How do you write a thesis for a research paper: useful tricks
The thesis of any academic paper is the main section that contains most of the content. This part of your research paper can be mainly distinguished by a factual quality where all facts are presented, analyzed and decided upon. A good way to get started on this section is to use four useful triggers that jolt the mind and generate useful, interesting content.
Coming up with all—or most—of your subheadings first will really get the ball rolling. This method is often referred to as an outline. Since no one writes any academic paper any other way than on a computer, you can write all your subheadings first, leaving the content till later.
Use this method if you want to get all the hard thinking and planning out of the way so that the writing can begin. This actually works out faster because you aren’t stopping to think every time to finish a paragraph.
Mixing up your research
There’s a trick that’s easy to learn about mixing elements of your research to make up original content. Plagiarism is never an acceptable way of completing an assignment, but merging numerous facts and giving them a unique quality is accepted as original work. A research paper is all about... research of course,, so don’t just report the facts as you found them; rather make an attempt at merging facts that go well together and making them relevant to your case.

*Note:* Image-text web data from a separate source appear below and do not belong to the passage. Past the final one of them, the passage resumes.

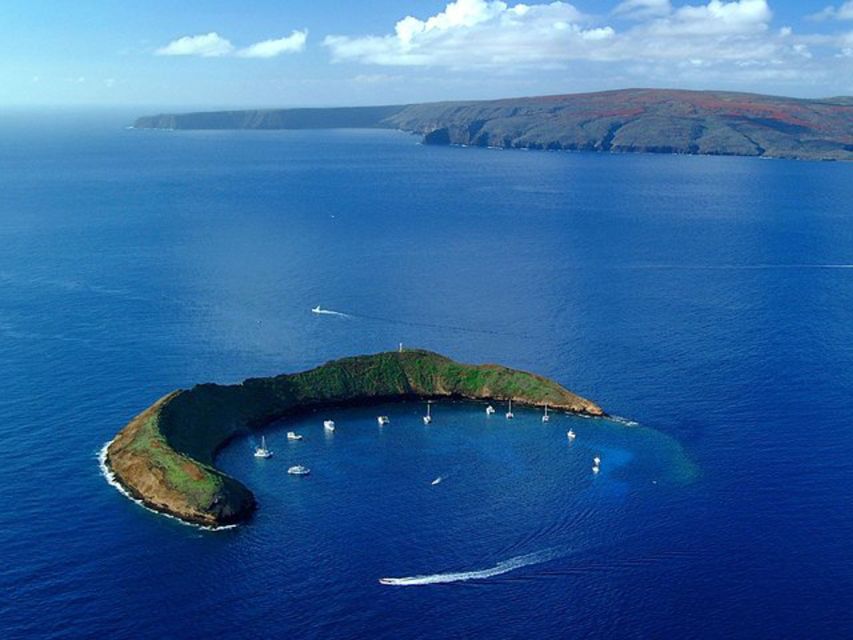 South Maui: Snorkel to Coral Gardens or Molokini Crater - Coral Gardens is a practical backup, with its own strengths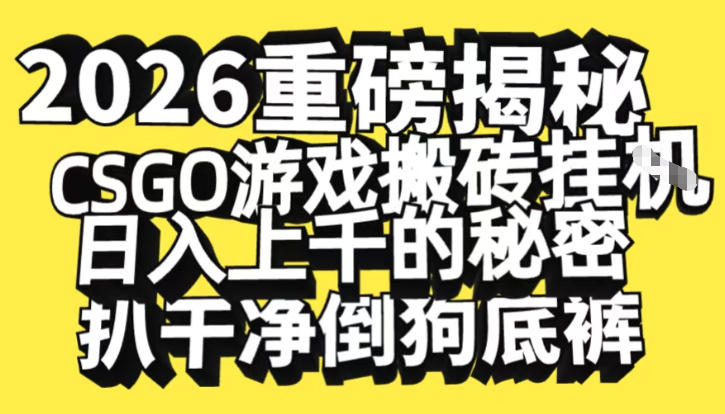2026开年重磅解密，CSGO游戏搬砖挂G日入1k+的秘密，把倒狗的底裤扒干【揭秘】-知创网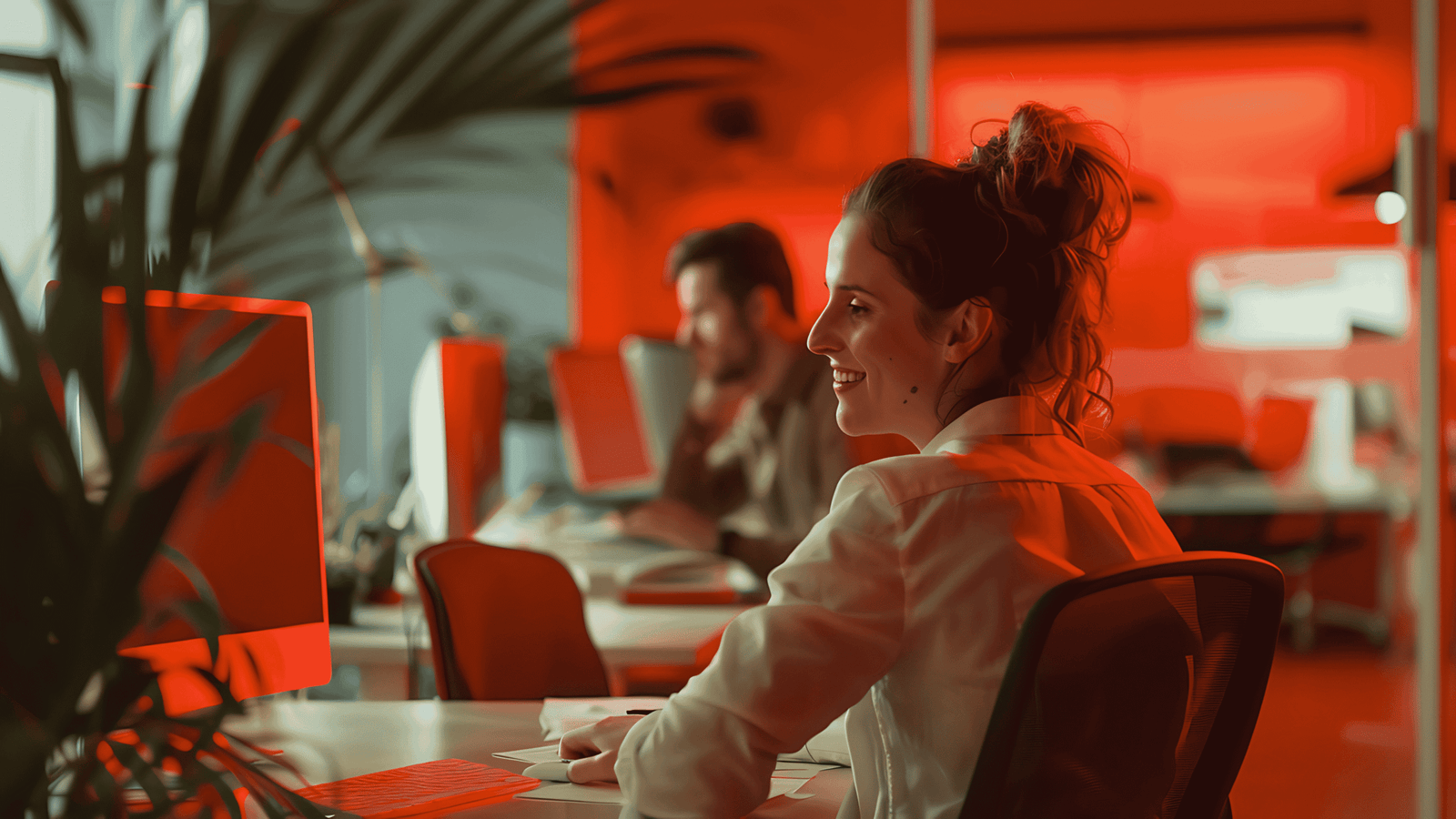 bark website development aperth 2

There are hardly any subjects where an interview wouldn’t spice up your content. Get talking to an authority on your topic and record every word. Your professor will be impressed with your initiative if you work this into your thesis in such a way that it supports your theory. Use quotes, dialogue, questions and answers; whatever it takes to convince your reader of your viewpoint.
Telling a story
Even though your thesis is not fictional, it should still follow a coherent and chronological order. This is done quite easily by connecting paragraphs. Read the last sentence of the last paragraph you wrote and try to come up with the ‘next phase’ of the discussion. You may need to elaborate on a point you made, or branch it off into a different direction. Whatever the case, make sure there is flow and reason to every part of the thesis.